Rafael Nadal had clinched 19 major crowns following successful campaigns at Roland Garros and the US Open in 2019, skipping New York last year after the pandemic and preparing for beloved Paris. Competing at a high level in Rome, just before Roland Garros, Denis Shapovalov knew that Rafa would have a great chance to catch Roger's 20 Major titles in Paris despite lack of form and matches.

Nadal claimed the 85th ATP title in February in Acapulco, just before the pandemic, and decided to skip the trip to New York and withdraw from Cincinnati and the US Open. The Spaniard lost in the Rome quarterfinals to Diego Schwartzman before finding his game A in cold and rainy Paris to win the 13th Roland Garros title and lift the 20th Major.

Despite difficult conditions, new balls and the Philippe-Chatrier court roof, Nadal was a player to beat in the French capital last October, winning all seven matches in straight sets and sailing towards the historic title of Major.

Nadal lost 23 games in the first four games, saving energy for more formidable opponents and maintaining his composure when it mattered most against Jannik Sinner, Diego Schwartzman and Novak Djokovic.

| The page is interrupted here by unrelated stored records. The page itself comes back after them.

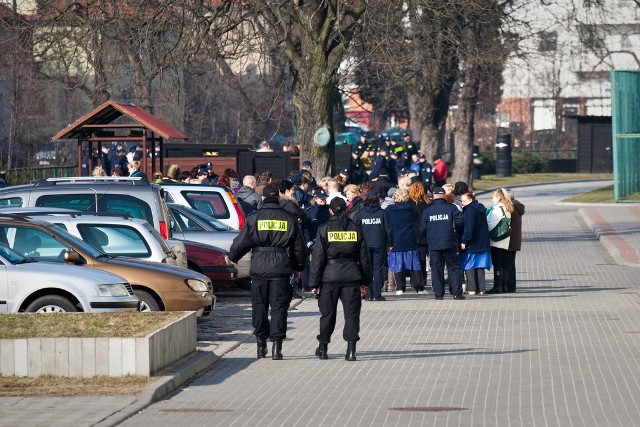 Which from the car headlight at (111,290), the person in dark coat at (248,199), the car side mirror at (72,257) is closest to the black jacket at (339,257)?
the car headlight at (111,290)

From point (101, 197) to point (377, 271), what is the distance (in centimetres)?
421

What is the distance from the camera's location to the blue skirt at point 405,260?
20859 mm

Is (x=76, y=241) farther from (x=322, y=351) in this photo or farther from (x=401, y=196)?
(x=401, y=196)

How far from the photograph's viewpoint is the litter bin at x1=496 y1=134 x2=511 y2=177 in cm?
6241

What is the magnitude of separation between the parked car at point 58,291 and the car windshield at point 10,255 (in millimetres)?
185

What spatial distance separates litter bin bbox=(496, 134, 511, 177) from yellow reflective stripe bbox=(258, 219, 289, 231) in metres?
49.3

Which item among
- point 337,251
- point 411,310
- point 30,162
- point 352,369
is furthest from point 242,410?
point 30,162

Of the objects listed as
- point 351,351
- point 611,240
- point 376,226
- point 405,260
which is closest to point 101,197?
point 376,226

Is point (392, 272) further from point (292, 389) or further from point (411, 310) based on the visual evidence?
point (292, 389)

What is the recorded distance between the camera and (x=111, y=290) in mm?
14305

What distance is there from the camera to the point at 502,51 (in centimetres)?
4019

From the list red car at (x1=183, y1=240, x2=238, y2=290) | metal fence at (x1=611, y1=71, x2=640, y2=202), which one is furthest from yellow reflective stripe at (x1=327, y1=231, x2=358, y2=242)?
metal fence at (x1=611, y1=71, x2=640, y2=202)

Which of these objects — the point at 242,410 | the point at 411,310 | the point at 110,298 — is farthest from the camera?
the point at 411,310

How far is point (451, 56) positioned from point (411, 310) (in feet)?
81.8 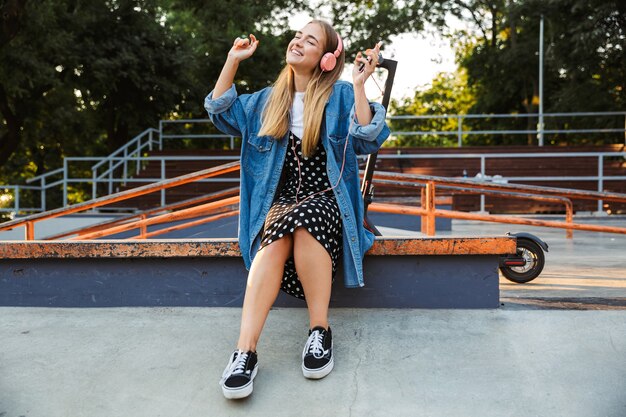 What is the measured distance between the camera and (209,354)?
Answer: 3.03 metres

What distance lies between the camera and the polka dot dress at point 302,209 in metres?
2.91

Rafa Nadal last played at the Citi Open 2021

Rafael Nadal proceeded to talk about mental strength, and how having a solid temperament can help overcome challenges in training and match-like situations.

Explaining that things are not always what they seem like, Nadal opened up about the difficulties he has faced. He also mentioned that even the strongest players can take a hit when the demands from the sport get too high. "It [mental strength] is a very important aspect and more [so] in a sport like tennis," Nadal said.

"It is vital to have a base from a young age. People tell me that I am very strong mentally, but I also suffer, like everyone else and I see it very black [sometimes]. But the essence of sport is that despite seeing something [as] almost impossible, you can [still] achieve it."